### SUPPLIED INFORMATION
++++++++

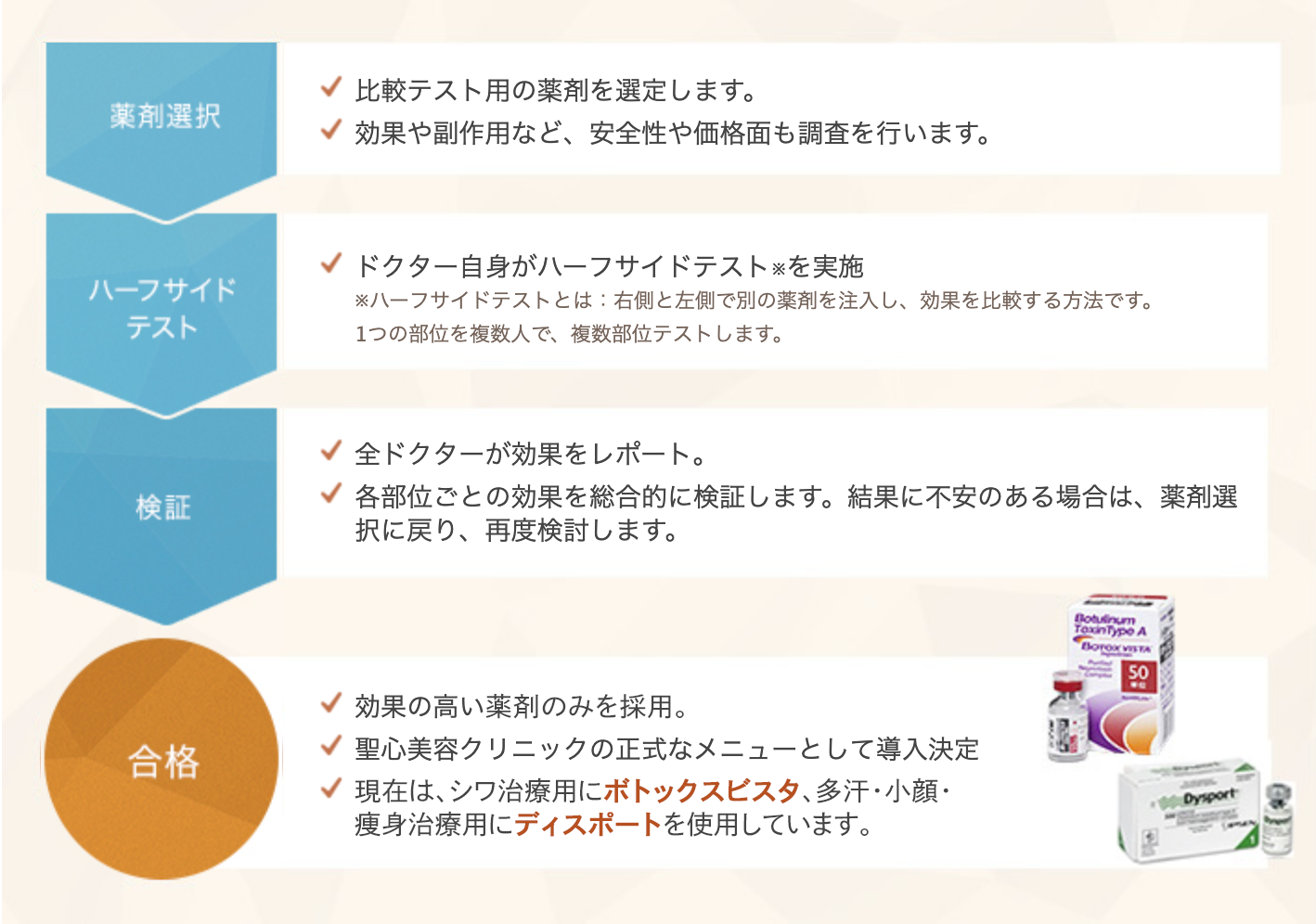 薬剤選択:・比較テスト用の薬剤を選定します。・効果や副作用など、安全性や価格面も調査を行います。→ハーフサイドテスト:・ドクター自身がハーフサイドテストを実施　※ハーフサイドテストとは、右側と左側で別の薬剤を注入し、効果を比較する方法です。1つの部位を複数人で、複数部位テストします。→検証:・全ドクターが効果をレポート、・各部位ごとの効果を総合的に検証します。結果に不安のある場合は、薬剤選択に戻り、再度検討します。→合格:効果の高い薬剤のみを採用。・聖心美容クリニックの正式なメニューとして導入決定。・現在は、シワ治療用にボトックスビスタ、多汗・小顔・痩身治療用にディスポートを使用しています。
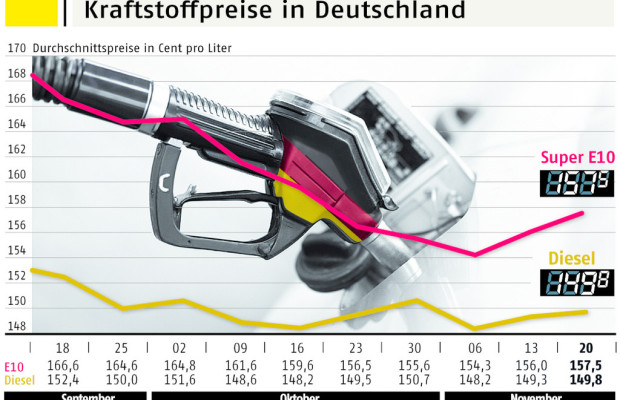 Steigende Rohölpreise sorgen für höhere Kraftstoffpreise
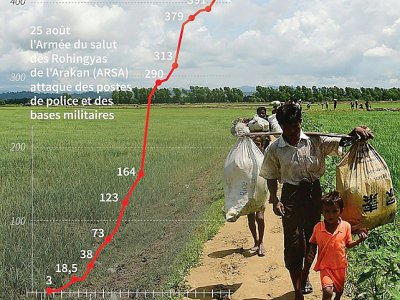 La fuite des Rohingyas - Gal ROMA [AFP]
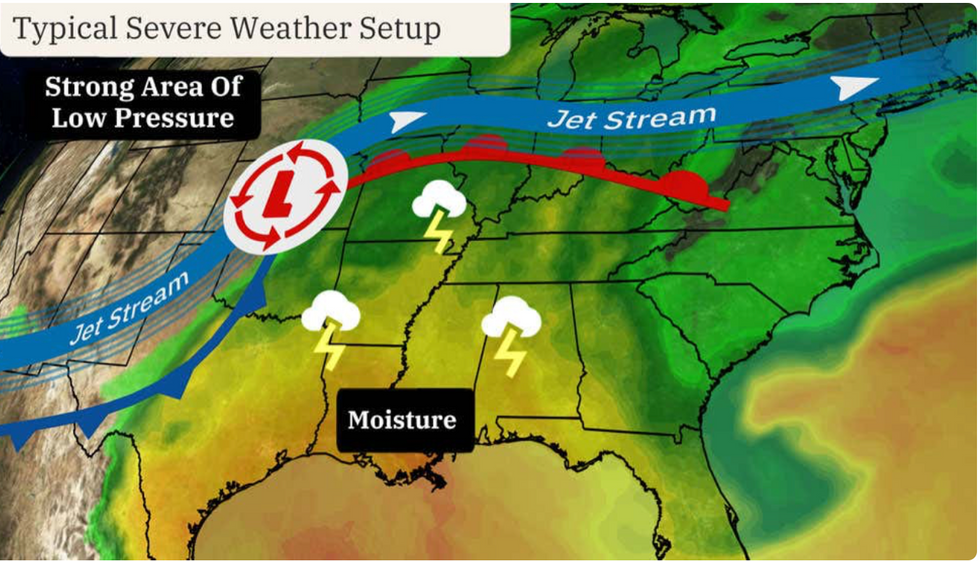 Typical severe weather setup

++++++++

### REQUIREMENT
Every line above should be transcribed word for word; leave the pictures out.

### ANSWER TO THIS TASK
 薬剤選択:・比較テスト用の薬剤を選定します。・効果や副作用など、安全性や価格面も調査を行います。→ハーフサイドテスト:・ドクター自身がハーフサイドテストを実施　※ハーフサイドテストとは、右側と左側で別の薬剤を注入し、効果を比較する方法です。1つの部位を複数人で、複数部位テストします。→検証:・全ドクターが効果をレポート、・各部位ごとの効果を総合的に検証します。結果に不安のある場合は、薬剤選択に戻り、再度検討します。→合格:効果の高い薬剤のみを採用。・聖心美容クリニックの正式なメニューとして導入決定。・現在は、シワ治療用にボトックスビスタ、多汗・小顔・痩身治療用にディスポートを使用しています。
 Steigende Rohölpreise sorgen für höhere Kraftstoffpreise
 La fuite des Rohingyas - Gal ROMA [AFP]
 Typical severe weather setup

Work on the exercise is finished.